What difference does it make

What difference does it make? – Peanuts © Charles Schulz

I could have put my pedal to the metal and sped up when being asked to slow down. I could have seated the guests on the right, facing a painting, instead of the left, across from the bookcase. I could have sliced the dessert lengthwise instead of widthwise. I could have worn my hair styled in a fancy manner instead of wrapped in the bohemian scarf. I could have done many things just for spite, control, or defiance.

For some reason, all of these mild requests irked me and had me thinking to do the opposite of whatever the request was. My back arched and my fur bristled. “Who do you think you are?” my inner control freak screeched.

A well-meaning person made a request of me and I bristled internally with hubris: “I’ll darned well do it my way!”, “Harumph! Who are you to tell me what to do?”, “No, I’m not going to kowtow to you”, and “Who asked you?” I could have worked myself into a fine tizzy, gotten angry, spit out unkind words. What was happening? What set me off like that?

Do I have ODD: Oppositional Defiant Disorder? No. It’s more simple than that: I felt irritated.

Irritation, a feeling of not being in control, led to arrogance. My way or the highway. Conceit, pride, haughtiness, and egotism all raised their crusty, creaky voices to get a piece of the action. Hauteur, contemptuousness, smugness, disrespect, and self-importance yammered for attention. My self became more important than you, her, him, them, and those others. My yetzer hara, the “evil inclination,” the nether self, that lying, poisonous snake coiled in the pit of my gut, took over my brain and implanted insanity.

Oh dear reader, don’t think I’m a saint because I identified the snake. He still lashed and slashed. I recognized the beast, then let him feast anyway. I fumed; he gnashed and snarled, gurgled and fussed. I stewed in smug self-righteousness… until it tired me out. I don’t want to be that person. Happiness is my choice. Lest I let the beast and chaos rule, lest I get into an accident or hurt someone’s feelings, I needed to oust it. I needed to choose what to do, how to respond.

But the first step was recognizing what was going on.
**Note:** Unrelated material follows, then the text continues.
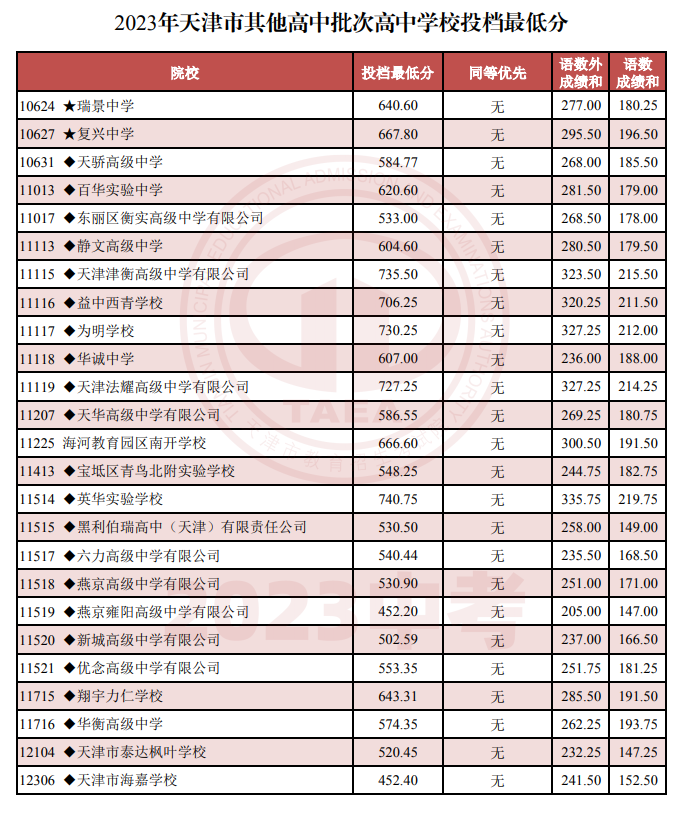 2023年天津市其他高中批次高中学校投档最低分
I’m not normally offended or offensive. I’m typically calm and not snide. I want my life to be pleasant and placid. I choose to surround myself with good: good intentions, good wishes, good feelings. I want to have the pure joy you get from recognizing someone else’s good fortune, taking pleasure in the beauty and good surrounding us. I want to dance at weddings, reveling in the gladness. I want to spread smiles and good cheer. I have the discipline to put myself in a place to harvest joy.

What difference does it make?
—Charlie Brown

I consciously remember good events and minimize the not so nice. I find ways to allow others their faults and let them have a “pass” when they’re not filling my expectations. I’m easy, pretty unflappable. The world will keep turning if I am not in control. Let it be. Irritation pushed me down a short slide into the maws of unhappiness. It erected a barrier between me and my serenity.

I can’t allow anything to exist between me and serenity. If I do, I get detoured from my daily connection with the One, the Source of All Good. I can put that snake down by refusing to succumb to its venom. All joy beckons me because I recognize the illness causing my discomfort: a false sense of reality. I’m not so important that my will matters above all. Does it really matter whether they sit here or there? Charlie Brown had it right: What difference does it make?